Preservation and characteristics of Organic Carbon in submarine lobe deposits of the Battfjellet Formation, Svalbard

Abstract

Organic Carbon (OC) burial in marine sediments is the second biggest sink of atmospheric CO2 on a geological timescale. Little quantitative research has been done on OC preservation in turbidite systems and OC preservation is poorly constrained, despite turbidites being reported as an important OC sink. This thesis investigates the extent to which turbidites are substantial OC sinks using quantitative data. This is achieved by analyzing the distribution of Particulate Organic Carbon (POC) size, Total Organic Carbon (TOC), and OC source (δ13C) of 66 samples from a sandy turbidite lobe of the Battfjellet Formation, deposited during the Eocene on Svalbard. Results are compared to pre- existing logs and mineral grain size distributions. Results show that POC size decreases in the lobe from 2.81 φ (Krumbein phi scale, 0.17 mm) in the most proximal sub-environment to 3.07 φ (0.14 mm) in the distal sub-environment due to hydrodynamic sorting. TOC values increase from an average 0.19wt% at the most proximal location to 0.38wt% at the most distal location, again as a result of hydrodynamic sorting. Stable carbon isotope analysis reveals that the proximal sub-environment has a largely terrestrial input with an average δ13C value of -20.9‰, with an increasing marine input in the distal fringe sub-environment at an average δ13C value of -23.7‰. Average TOC content is integrated over the volume of the lobe, the total amount preserved in the sandy lobe is at least 2001 kg OC/km2/yr.
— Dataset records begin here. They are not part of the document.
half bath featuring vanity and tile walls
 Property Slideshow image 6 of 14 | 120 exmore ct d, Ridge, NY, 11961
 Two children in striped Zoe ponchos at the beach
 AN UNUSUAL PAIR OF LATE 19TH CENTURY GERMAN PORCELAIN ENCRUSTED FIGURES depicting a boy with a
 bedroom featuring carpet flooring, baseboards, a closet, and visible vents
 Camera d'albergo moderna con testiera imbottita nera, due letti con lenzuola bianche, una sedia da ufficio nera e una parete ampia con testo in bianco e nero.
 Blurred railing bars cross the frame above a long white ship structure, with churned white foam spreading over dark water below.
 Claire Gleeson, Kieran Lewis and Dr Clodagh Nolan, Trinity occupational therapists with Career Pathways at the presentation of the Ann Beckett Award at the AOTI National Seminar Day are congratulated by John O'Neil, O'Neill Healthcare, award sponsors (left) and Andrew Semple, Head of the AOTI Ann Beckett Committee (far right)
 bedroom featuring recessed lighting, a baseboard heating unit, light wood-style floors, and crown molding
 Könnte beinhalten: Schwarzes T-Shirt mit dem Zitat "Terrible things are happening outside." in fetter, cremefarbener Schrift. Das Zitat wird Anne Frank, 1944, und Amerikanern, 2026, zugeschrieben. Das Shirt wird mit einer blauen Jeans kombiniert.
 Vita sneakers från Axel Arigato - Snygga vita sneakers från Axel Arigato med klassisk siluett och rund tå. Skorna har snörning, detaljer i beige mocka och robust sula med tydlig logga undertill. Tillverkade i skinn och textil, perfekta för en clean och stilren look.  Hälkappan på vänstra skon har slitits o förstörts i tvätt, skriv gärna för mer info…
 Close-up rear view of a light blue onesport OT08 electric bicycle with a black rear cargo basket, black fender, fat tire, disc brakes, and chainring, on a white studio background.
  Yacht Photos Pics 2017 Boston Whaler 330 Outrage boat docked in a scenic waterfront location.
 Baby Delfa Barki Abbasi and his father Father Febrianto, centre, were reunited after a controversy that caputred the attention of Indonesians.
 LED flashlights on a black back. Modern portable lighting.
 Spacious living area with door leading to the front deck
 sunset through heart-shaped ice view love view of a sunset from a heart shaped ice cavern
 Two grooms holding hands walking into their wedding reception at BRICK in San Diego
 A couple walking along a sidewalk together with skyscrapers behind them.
What sets this turbidite lobe apart from other marine sediments is burial rate, where sedimentation rates in turbidite lobes are several magnitudes larger than in surrounding marine sediments, enabling lobes to much more OC. Mapping OC burial in turbidites is essential to better model a carbon cycle on a geological timescale as well as in current systems. This thesis serves as a first step towards this objective.